MessageSujet: Re: ~ Pools of sorrow, Waves of joy ~ [ Pv Ein ]   Mar 8 Avr - 13:57

Des faisceaux lumineux vinrent susciter le garçon, distendu sur le matelas de son lit, nimbés par l'allègre souffle aquilon, courroucant à la palpation du faciès. Ses yeux s'exhibaient fulminées, comme s'ils oscillaient tandis que le possesseur paraissait submergé dans un état opiniâtre de léthargie. Néanmoins, il subsistait au sein du même agencement, concédant l'extrinsèque l'extorquer petit à petit de cette somnolence. Assurément, excessivement éreinté avant d'assaillir son couchage, Ein dût recourir à certains instants pour irrémédiablement déclore ses yeux et déferler le coloris taciturne de chacun de ses iris, à la vaste clarté des radiations étincelantes. Promptement, il se disjoignit de ce rayonnement d'un automatisme laconique, aboutit par un infime ploiement de l'élément harmonisant la tête au tronc. Il brimbala sa figure pour s'attiser intégralement avant d'enserrer virulemment la croisée de la pièce, par laquelle des gênes s'extirpaient pour aguicher le pensionnaire. Sans envisager une seule oeillade auprès du clepsydre enjolivant l'un du quatuor muraux, Ein s'achemina vers la rénovation de sa salubrité, avant tout glorifiée d'une douche exhaustive coutumière à ses réveils. Une tradition inlassable l'octroyait une envie à s'éterniser concrètement d'une heure sous l'eau, qu'il ne s'avisa de transgresser et qui le décerné étrangement de la vivification pour l'esquisse de sa matinée.

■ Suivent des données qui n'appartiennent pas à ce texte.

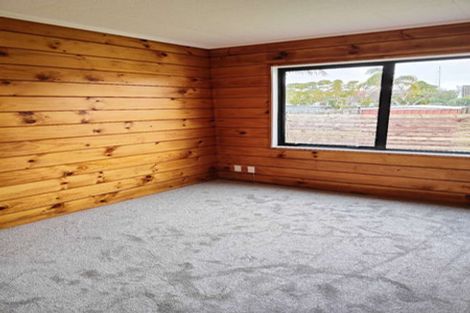 Photo of property in 5 Indus Place, Half Moon Bay, Auckland, 2012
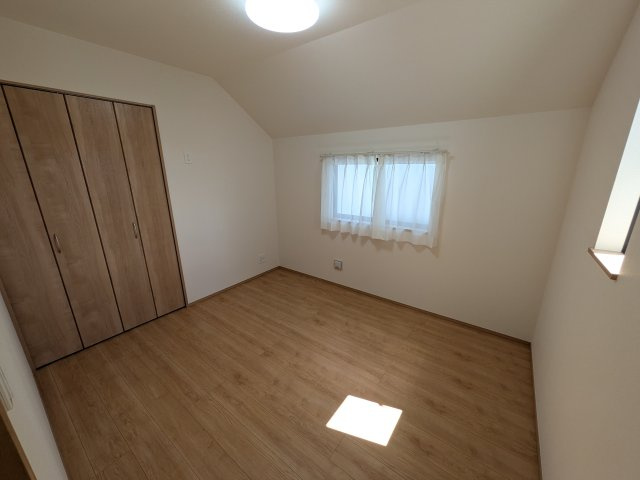 白井市南山Ⅲ　A号棟の洋室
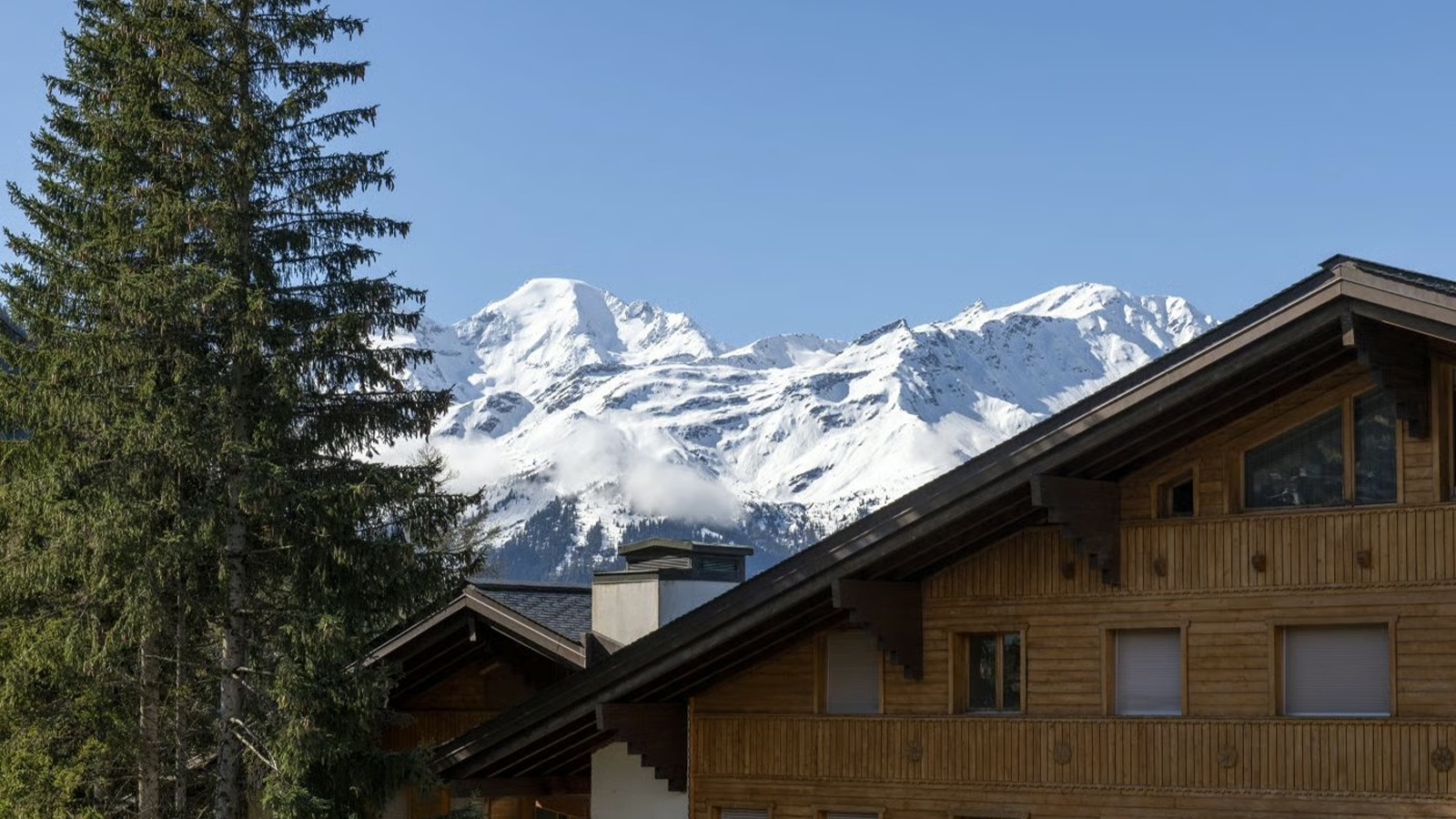 Luxury-Ski-Chalet-Verbier-Apartment-Lussy-Oxford-Ski-Exterior6.jpg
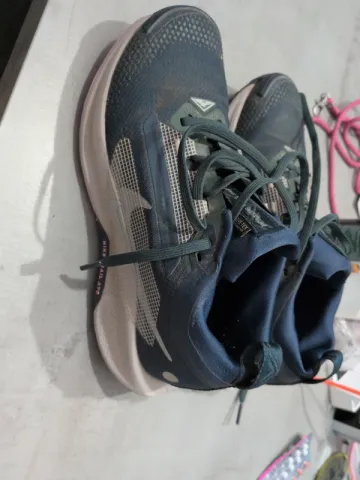 Used Pegasus Trail 5 GTX Running Shoes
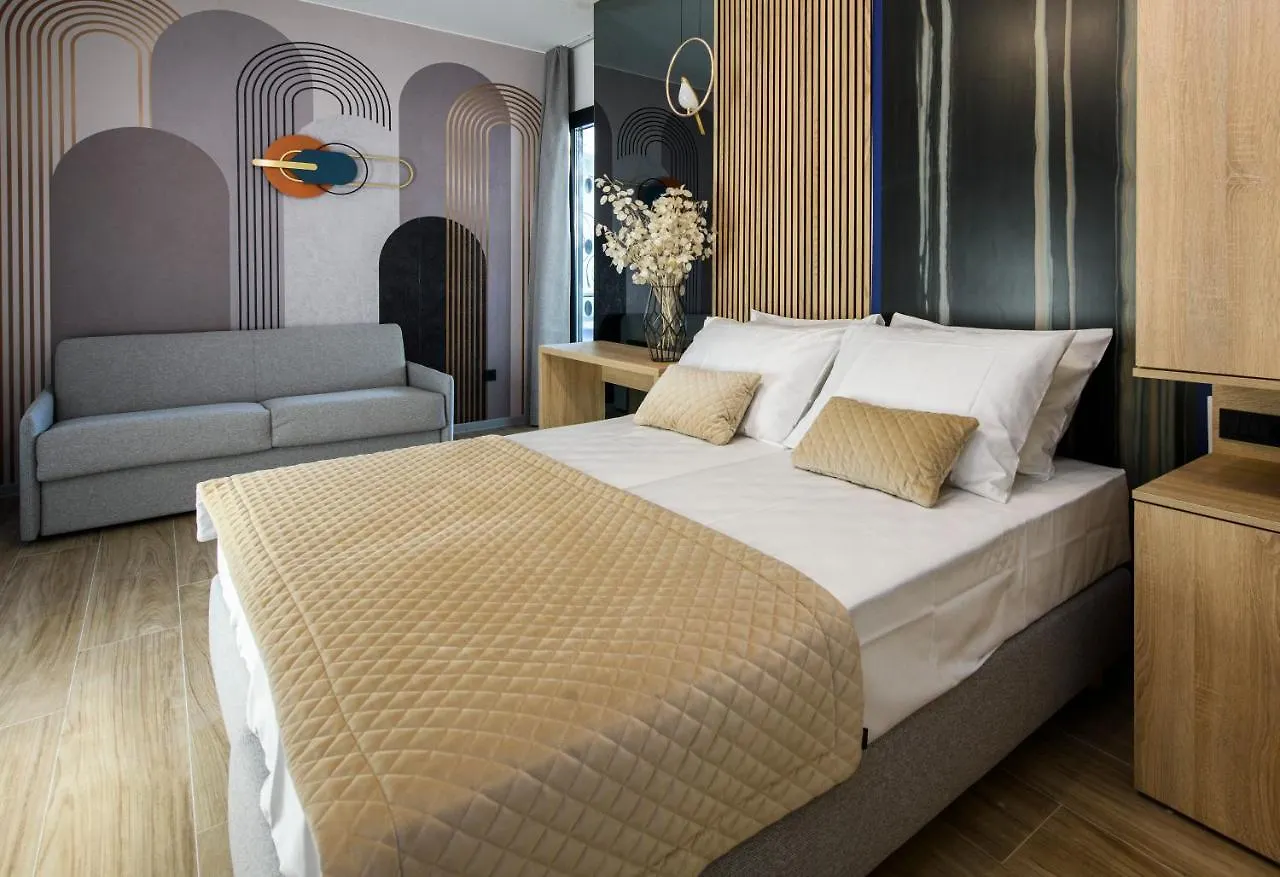 Via Mare Luxury Rooms Split Guest house
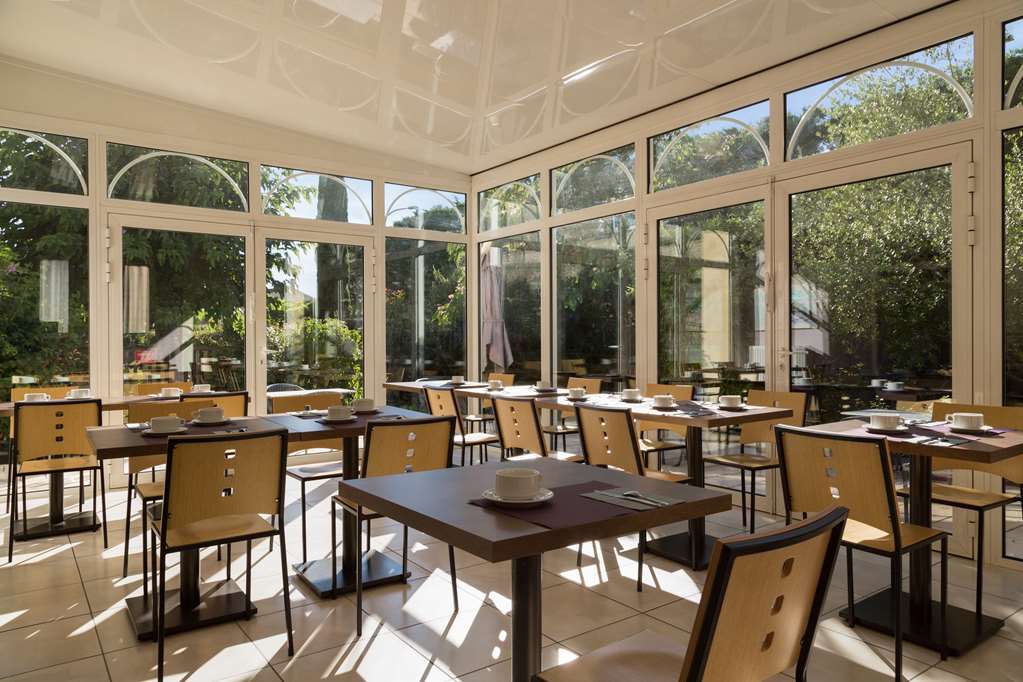 Hotel Henri IV Coutras Amenities photo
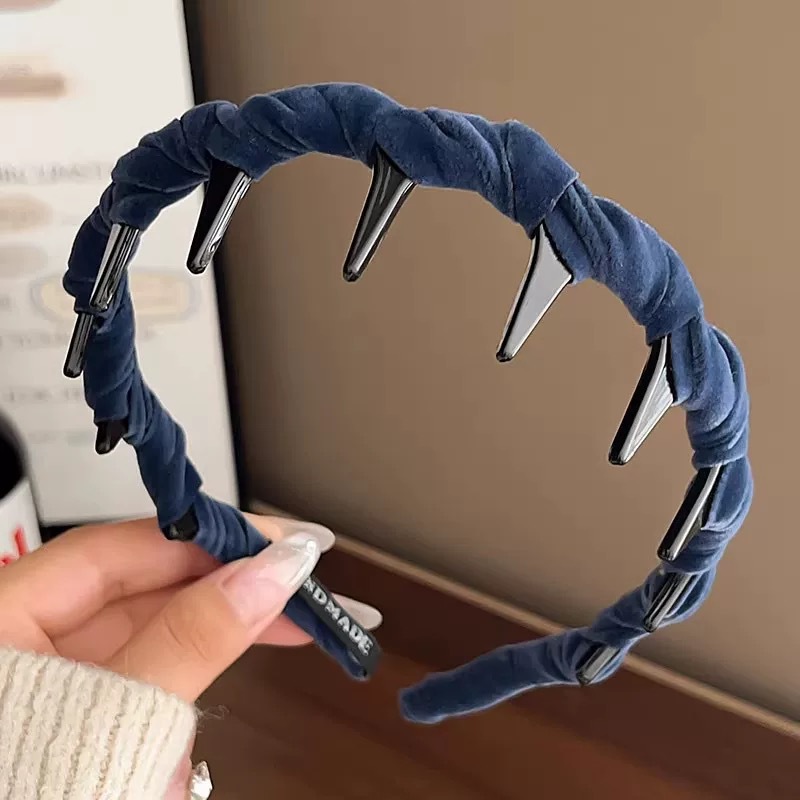 # 81 blue velvet wavy hairband
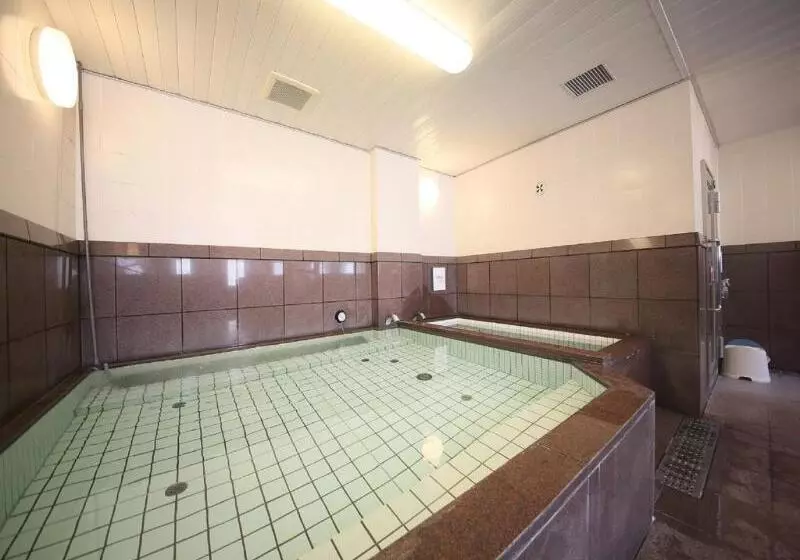 Apa Hotel Yokohama Kannai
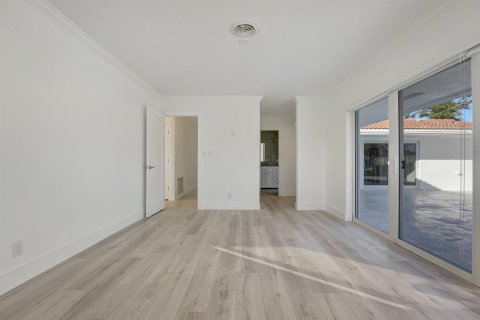 Villa ou maison à louer à Fort Lauderdale, Floride: 3 chambres, 177.16 m2 № 2188743 - photo 18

Purifié et immaculé, le garçon se vêtit comme il se le devait, entre autres, de son habituel tricot britannique, caractérisé par sa capuche se rabattant ordinairement vers l'arrière. Une fois enveloppé de ses vêtements, Ein s'ôta de sa chambre par des pas abscons, loyaux à ses accoutumances. Un us à se mouvoir fondamentalement sibyllin, alambiqué à discriminer aux moindres iris sondant ses gestes, de la vigueur fluette et modérément efféminée qu'il arborait. L'encadrement rectangulaire cloturée, Ein emprunta un itinéraire déterminé, son regard scrutait sempiternellement la voûte céleste cristalline et sereine par la verrière qui ponctuait pleinement le couloir qu'il perçait. De sa vue, il en dévisageait certains qui se cabriolaient en unifiant superficialité et infantilisme, dans toute leurs splendeurs, frolant une catégorique dérision, à son penchant. Des argus, des précepteurs, des pensionnaires... Il put en voir immensément, jusqu'à appâter son harassement, prodigieusement épidermique. Avantageusement, Ein avait déjà arpenté la plénitude de l'institution et entrevoyait la sorte de palissade, synonyme de liberté pour certains élèves, leurs dotant l'alternative de se mouvoir extérieurement, en totale irrévérence. Il parfit son essor, parvenant définitivement au sein de l'environnement, où cette infime brise vint cotoyer son visage et cette verdure assena sa vision.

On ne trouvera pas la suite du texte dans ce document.